Over the last 15 years, the IRS has made life much easier for small nonprofits. The first big change was to create a Form 990-N, which allowed nonprofit organizations with less than $50,000 in gross receipts to file the 990-N “e-postcard.” Unlike the lengthy Form 990 that requires detailed accounting information and disclosure of the highest compensated employees, the e-postcard only requires 8 pieces of information:
Employer identification number (EIN), also known as a Taxpayer Identification Number (TIN).
Tax year
Legal name and mailing address
Any other names the organization uses
Name and address of a principal officer
Web site address if the organization has one
Confirmation that the organization’s annual gross receipts are $50,000 or less
If applicable, a statement that the organization has terminated or is terminating (going out of business)
This simple change saved small nonprofits hundreds of (usually volunteer) hours that could’ve been spent preparing Form 990.
Next, the IRS simplified the process for applying for nonprofit status for organizations with gross receipts under $50,000 and assets under $250,000. The Form 1023 is 30 pages, and requires detailed budgets and financial projections.
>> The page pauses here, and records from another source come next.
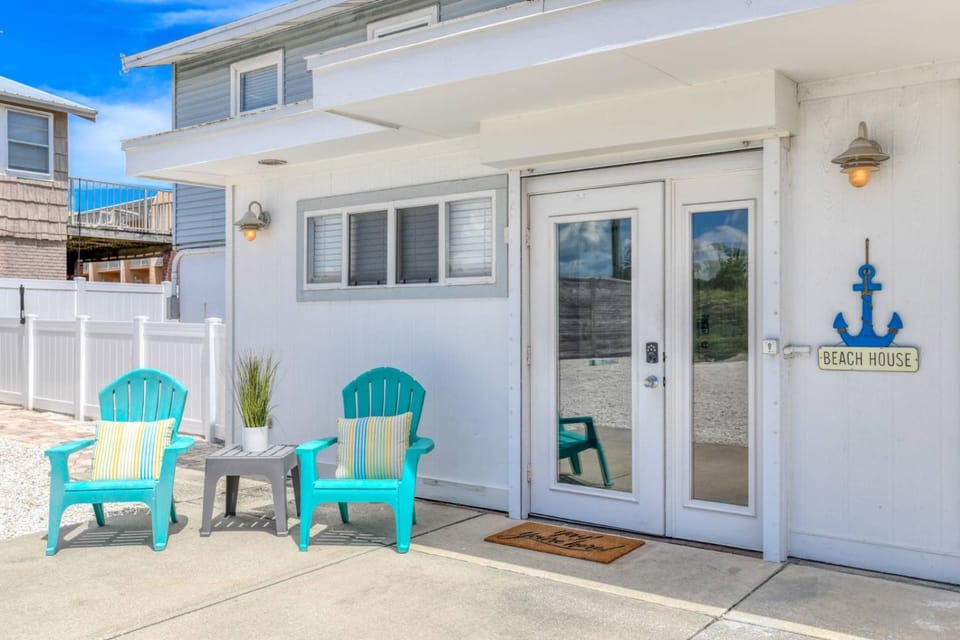 Barefoot Hideaway I Apartment in Saint Augustine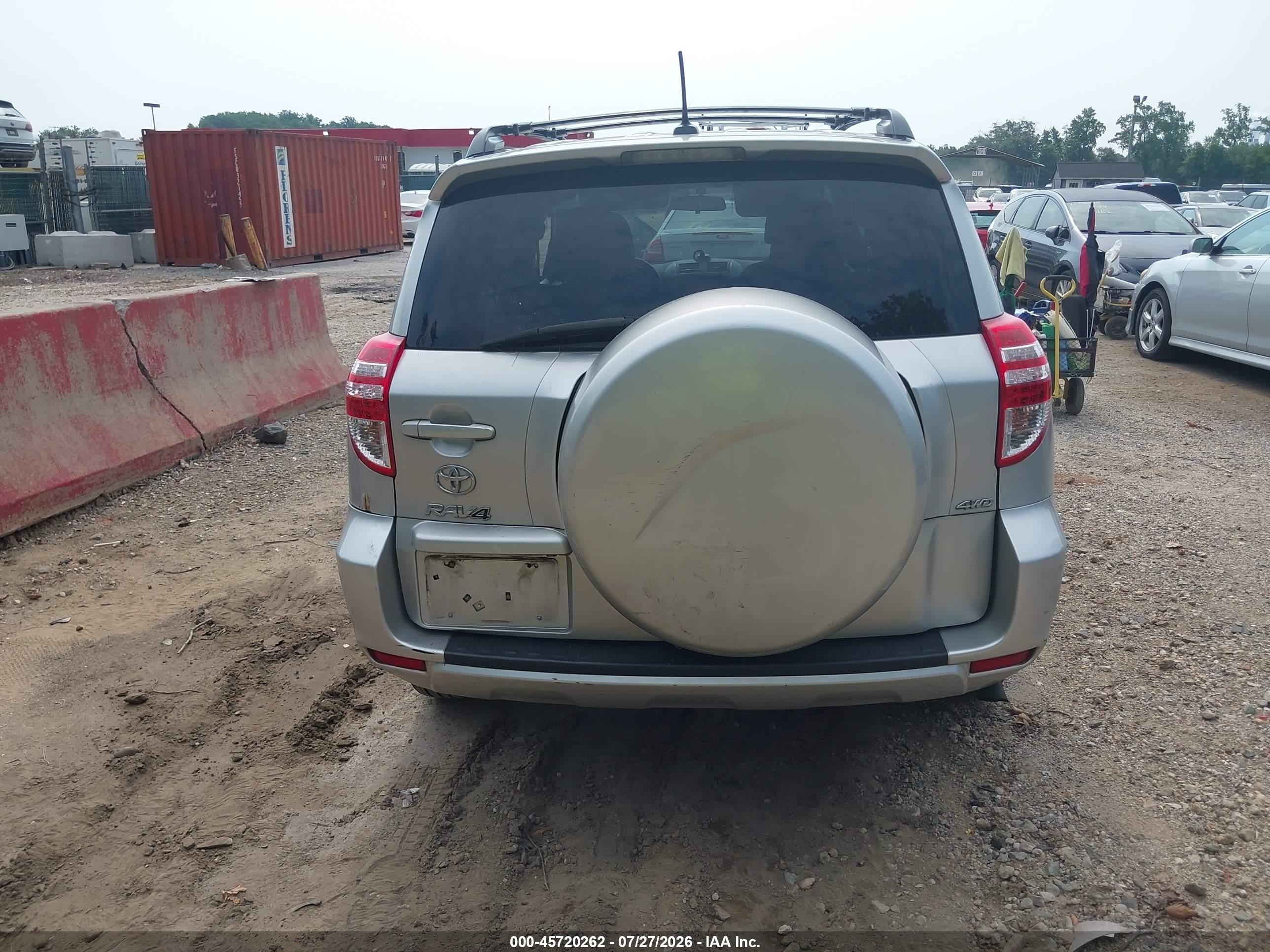 2011 Toyota Rav4   Silver vin: 2T3BF4DV1BW171519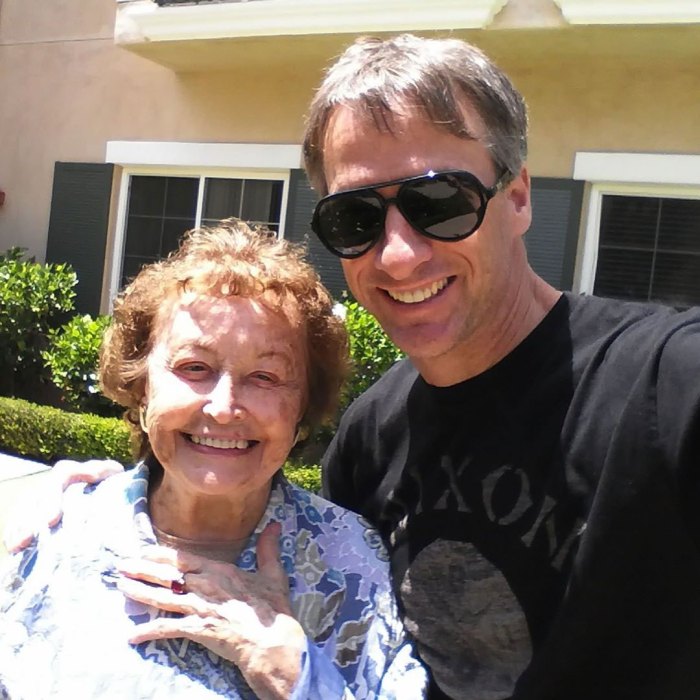 Nancy Hawk Tony Hawk’s Mom Dies After Alzheimer’s Battle: See His Tribute | Us Weekly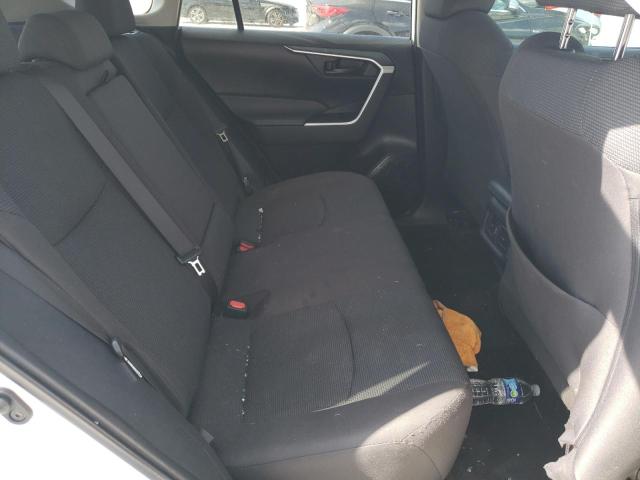 2T3H1RFV4NW226410 - 2022 TOYOTA RAV4 LE 白色 照片 11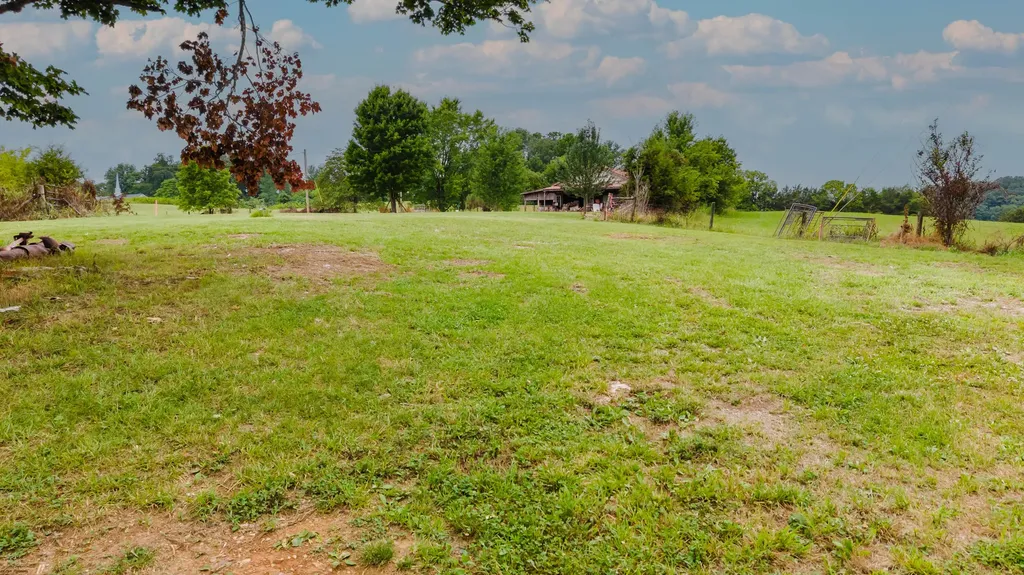 2416 Meador Port Oliver Road Scottsville KY 42164
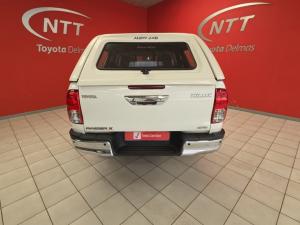 Toyota Hilux 2.4 GD-6 Raider X 4X4 automaticD/C - Image 5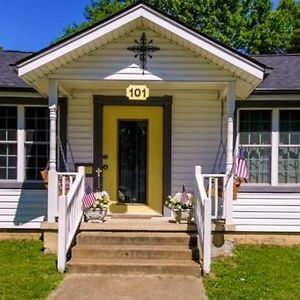 AtokaHistoric Town Square Bungalow In Heart Of Brighton别墅 Exterior photo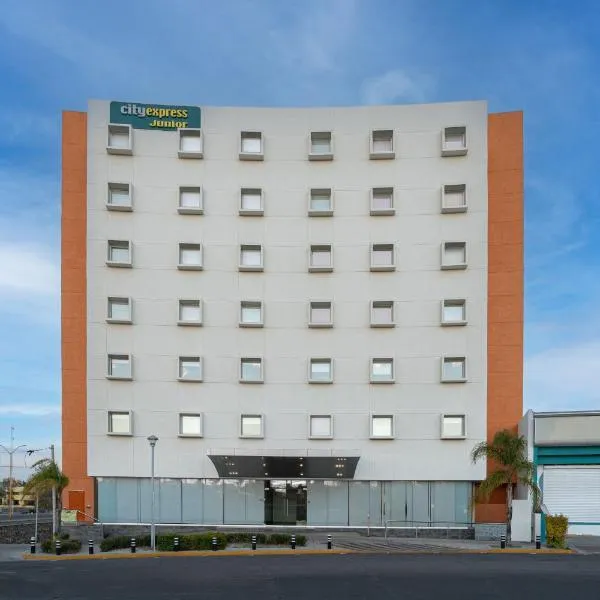 City Express Junior by Marriott Aguascalientes Centro，位于Peñuelas的酒店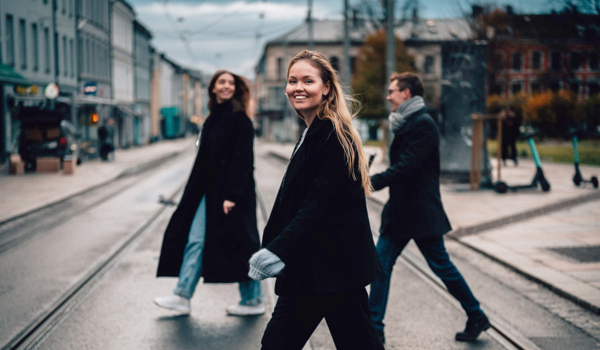 Tre studenter krysser Thorvald Meyers gate ved Olaf Ryes plass i Oslo.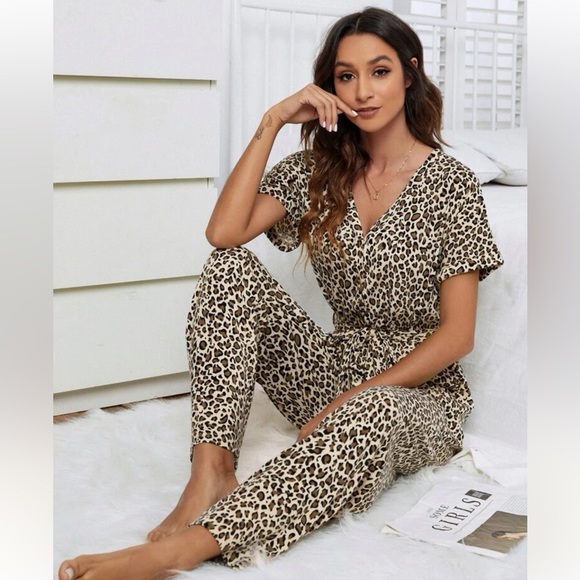 Leopard print dolman sleeve belted jumpsuit - Picture 5 of 6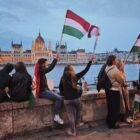 Weber sieht Wahl in Ungarn als Signal gegen Europas Rechtspopulisten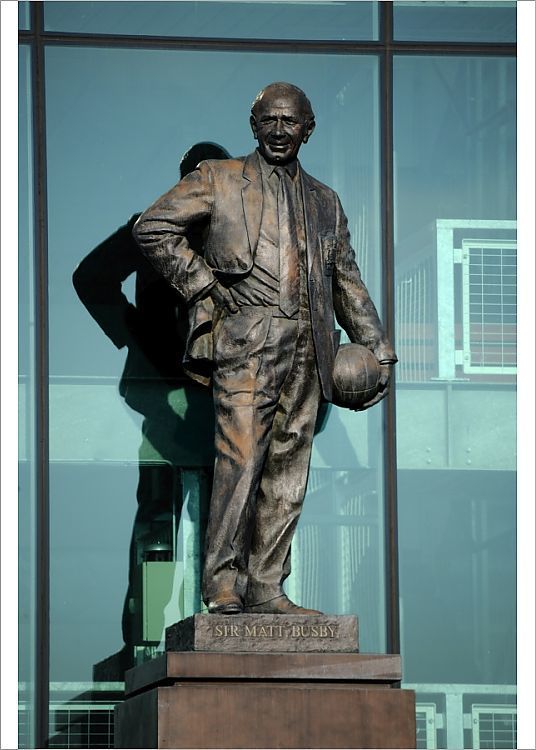 Bức tượng của Sir Matt Busby tại Old Trafford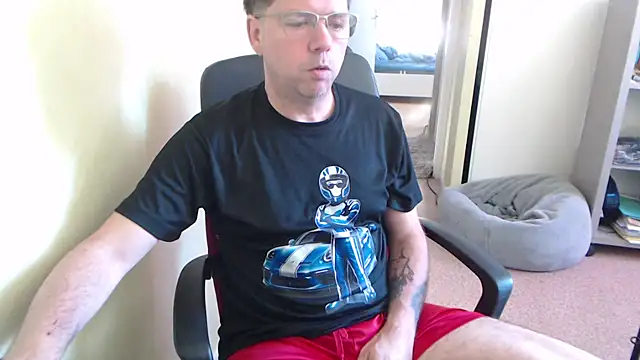 Snapshot of blueandwhite1 chatting on June 2026 07:11:02 AM blueandwhite1 online show from June 2026 07:11:02 AM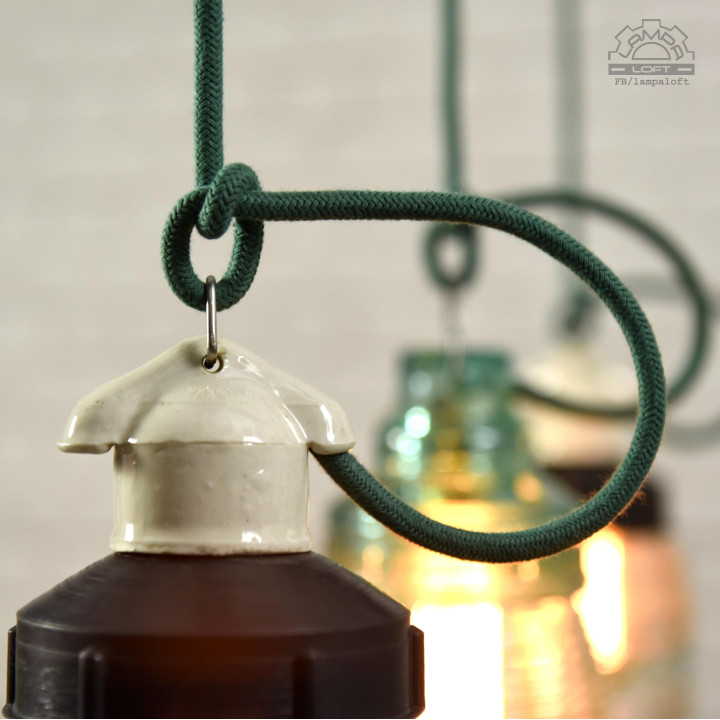 Radzieckie lampy industrialne z lat 70'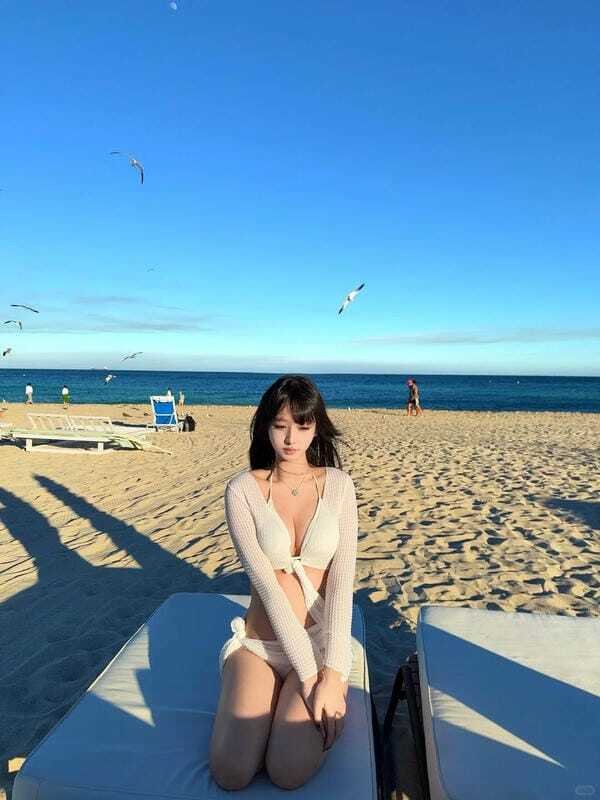 con gái mặc bikini siêu mỏng 13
In contract, the Form 1023-EZ is two and a half pages.
That said, there are some tricky questions.
The form asks about the organization’s purpose. If the state purpose does not align with the list of exempt purposes that the IRS has published, it will not be granted tax-exempt status.
Another tricky question concerns unrelated business income. Nonprofits are prohibited from engaging in money-generating activities that are unrelated to its exempt purpose. This can be confusing, because fundraising by itself can trigger a problem with unrelated business income. Unrelated business income (also called UBI) has three characteristics:
it is a trade or business
it is regularly carried on
it is not substantially related to the exempt purpose (beyond bringing in funding)
Consider as an example a school that sells t-shirts with their logo. The selling of t-shirts is a business, and selling t-shirts is not substantially related to educating students. However, if t-shirts are only sold “occasionally” — for example, only at the beginning of the year — it won’t be qualified as UBI. Similarly, if a small quantity is sold, arising to a tiny percentage of the overall budget, it is unlikely to be categorized as UBI because it isn’t being used as a normal t-shirt selling business.
Consider a second example: Goodwill Industries sells donated clothing. The selling of donated clothing, even at a sharp discount, is not related to any exempt purpose recognized by the IRS. However, job training and education is an exempt purpose. Because the people who work at Goodwill are receiving on-the-job training and support, the sale of donated clothing is substantially related to their exempt purpose.
In short, the entryway for small nonprofits is markedly easier to reach now than ever.